To have faith is to follow your heart no matter what. But what if you don't know your heart? Or what if you have many hearts? What if you love things that are irreconcilable? And to follow one means you must deny the other, for each requires all or most of you, and you cannot give that in two directions? "I too will spare no words about good things," Mayakovsky wrote on this bridge. It is good to have even a torn heart, if it is truly your heart, and you are not trying to make it an imitation of what you think a heart should be. And on this bridge Lorca warned, "Life is no dream! Beware and beware and beware!" But in the same poem he also warned that iguanas will come "to bite the men who do not dream," and imagined "a landscape of opened eyes." How, how, how do you follow your heart? The question held out its begging hand to the questioner. And the snow was wonderful. And the city was invisible.
Years later, I would read the Swedish poet Tomas Transtomer: "If at least I could just get them to grasp/that this quivering underneath us/means that we are walking on a bridge ...." We are walking upon the thing we are. Between the question and the questioner, is one way to put it. And no one can tell anyone how to follow their own heart.
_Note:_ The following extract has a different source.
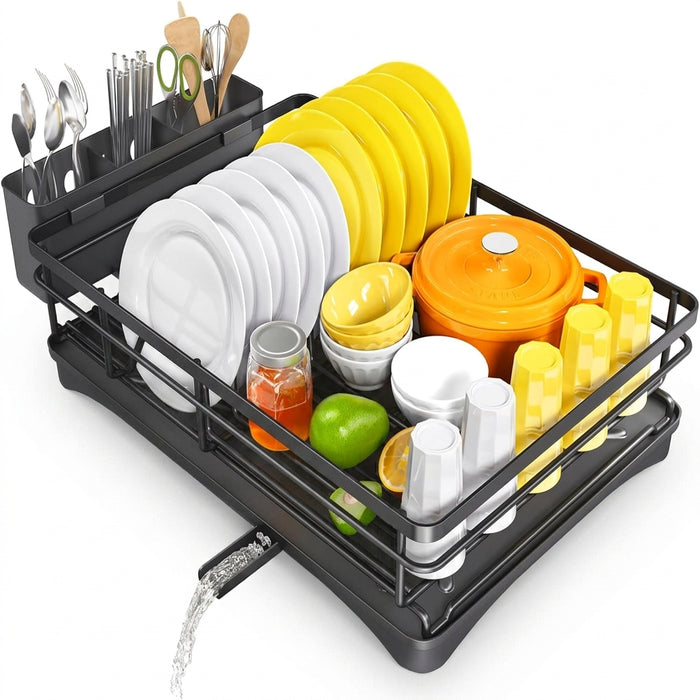 Large Rustproof Steel Dish Rack with Drainboard & Utensil Holder – Black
Anyone who tries has already lied, by the very attempt. But you can learn how to sit in the center of your silence. Or to go out into the night. Or to shut up and work. "Being an artist doesn't take much, just everything you got."
In the winter in New York, in the wee hours on the subway, the savvy know where the heaters are, built into the structure under the seats, and they sit right over the vents. It warms your freezing feet. Back in the little kitchen, with the window on the alley, a hot cup of coffee and a cigarette in the gray snowy dawn. Mama walks in, in her bathrobe. "You been up all night again, kid?" There were five of us in that one-bedroom apartment, Mama and I working to support my brothers and sister. I'd go to my job without sleep again, but you can do that when you're 20. "Trying to write, eh? Remember what I told you: Words are music."